Article 19 of the U.N. Declaration of Human Rights affirms that “Everyone has the right to freedom of opinion and expression; this right includes freedom to hold opinions without interference and to seek, receive and impart information and ideas through any media and regardless of frontiers.”
Article 18 of the Declaration affirms that “Everyone has the right to freedom of thought, conscience and religion; this right includes freedom to change his religion of belief, and freedom, either alone or in community with others and in public or private, to manifest his religion or belief in teaching, practice, worship and observance.”
Librarians and others in the U.S. and around the world have found that in practice, these two pillars have sometimes led to dilemmas, as users and stakeholders with competing values and interests have pressed their claims with libraries and other institutions.
In order to explore these issues, for the second session in our “Intellectual Freedom across the Globe” webinar series, OIF and IFLA FAIFE are excited to present “Religion, Free Expression, and Libraries.” This one-hour discussion will cover a variety of intriguing issues — including blasphemy laws, collection development & donations to libraries, and library meeting rooms — and provide practical suggestions for policies.
Date: Tuesday, 15 November 2011
Time: 10:00 a.m.

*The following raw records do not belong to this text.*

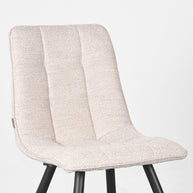 LABEL51 Eetkamerstoelen Jelt - Naturel - Boucle - Zwart Metalen Frame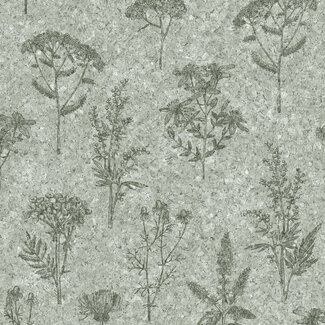 Dutch Wallcoverings Dutch Wallcoverings - Brut- kurk/bloem groen - M783-04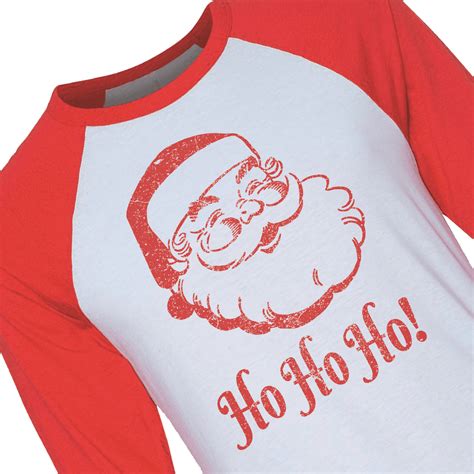 Santa Ho Ho Ho Adult Red On White Large Christmas Holiday Raglan T Shirt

Central Standard Time, 1600 GMT
Cost: 30 USD – ALA members/members of IFLA institutional members; 35 USD – General attendees
Note: There will be a small number of free spaces for participants who otherwise could not afford to participate. To learn more about this opportunity, please contact Jonathan Kelley at firstname.lastname@example.org. Archived recordings of all “Intellectual Freedom across the Globe” webinars will be available for sale one month after the live events.

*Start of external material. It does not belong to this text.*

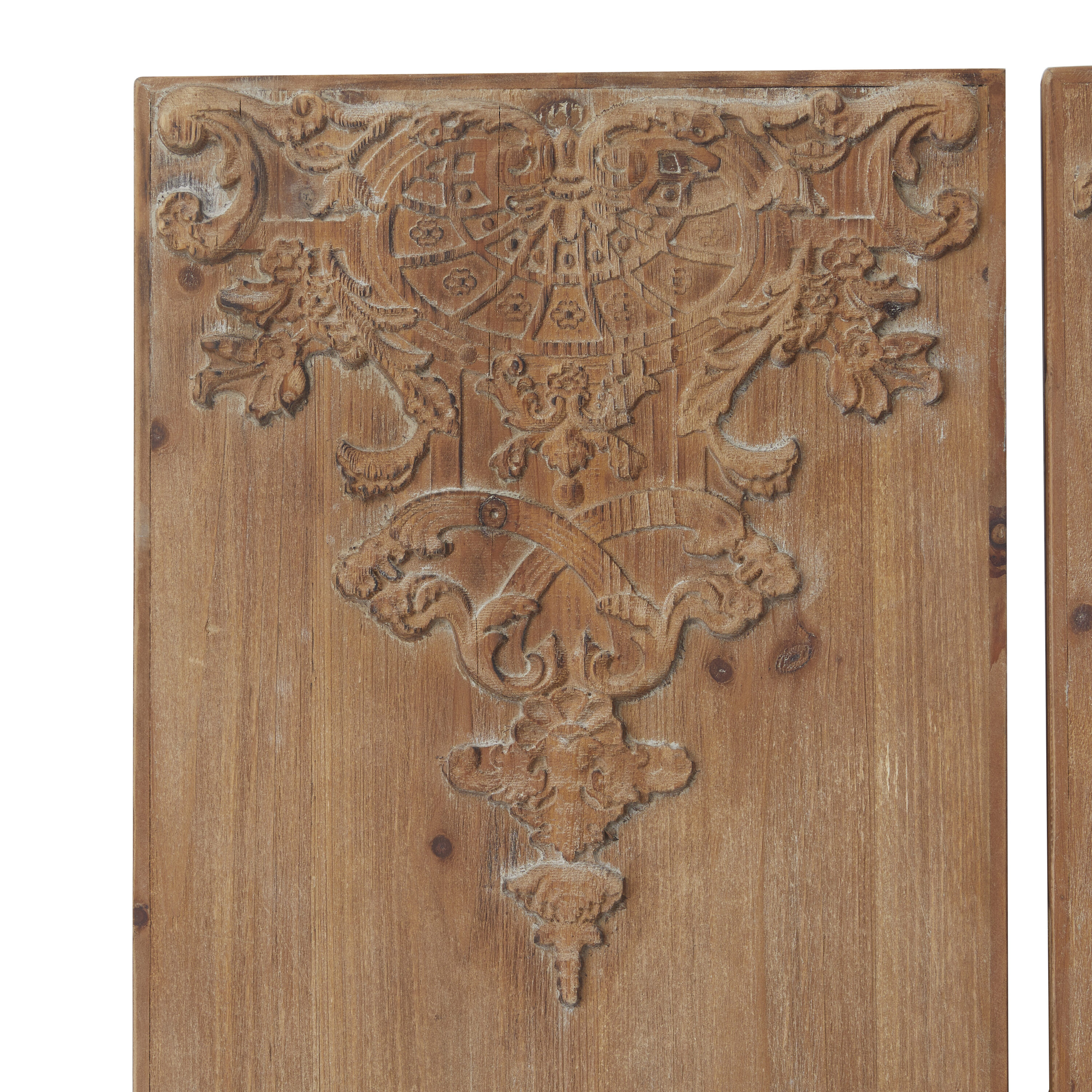 Brown Wood Carved Floral Antefix Wall Decor Set of 3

For more information and to register, visit http://www.ala.org/ala/onlinelearning/issues/classes/religion_and_libraries.cfm. For information about the webinar series, visit http://www.ala.org/ala/aboutala/offices/oif/oifprograms/webinars/index.cfm.

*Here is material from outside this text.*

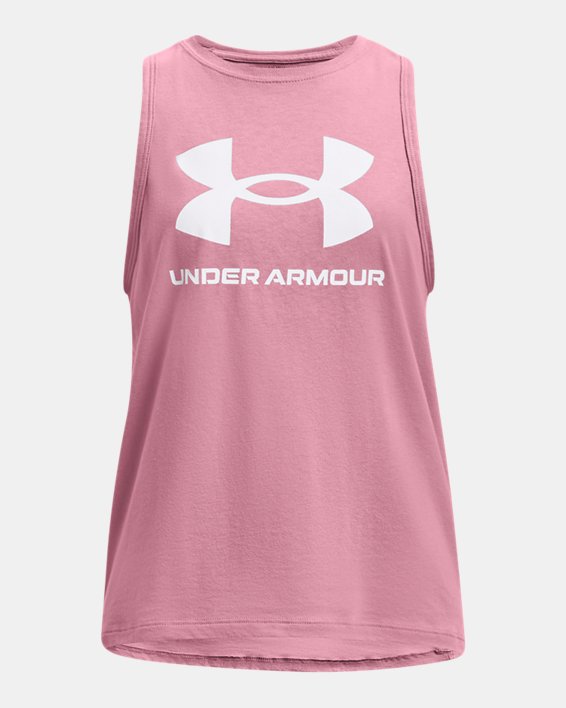 เสื้อกล้าม UA Sportstyle Logo สำหรับเด็กผู้หญิง in Pink image number 0
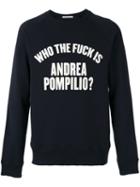 Andrea Pompilio 'who The Fuck' Sweatshirt, Men's, Size: 46, Blue, Cotton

Paul Sturges, OBE, is Professor Emeritus, Loughborough University and Professor Extraordinary, University of Pretoria. He has traveled widely throughout the world, giving lectures and conference presentations, leading workshops on Intellectual Freedom topics, offering consultancy, and researching. His more than 150 articles, reports and books deal with a variety of issues in information science, with an emphasis on the developing world, and a strong specialization in ethics of information. Consultant to the Council of Europe on freedom of expression and public access points to networked information, and also on library legislation, 1997-2001. He held office as Chair of FAIFE from 2003-2009.
Almuth Gastinger graduated from Ilmenau University of Technology, Germany, with a PhD in Informatics. Since 2000 she has been working as Senior Research Librarian at Norwegian University of Science and Technology in Trondheim, Norway. Her main interests include international co-operation, network building and staff exchange, CPD, information literacy and subject librarian tasks. Almuth is member of IFLA Information Literacy Section Standing Committee and IFLA National Organisations and International Relations SIG. Last year she was appointed Norway’s representative to NATO Information Management Committee.
Deborah Caldwell-Stone is Deputy Director of the ALA Office for Intellectual Freedom, where she works on initiatives promoting the defense of the First Amendment freedom to read and the application of constitutional law to library policies, principles, and problems. An attorney by training, she now works closely with librarians, teachers, and library trustees on a wide range of intellectual freedom issues, including book challenges, Internet filtering, meeting room policies, and the impact of new technologies and the USA PATRIOT Act on library privacy and confidentiality. She is on the faculty of the ALA-sponsored Lawyers for Libraries and Law for Librarians workshops and speaks frequently to library groups around the country.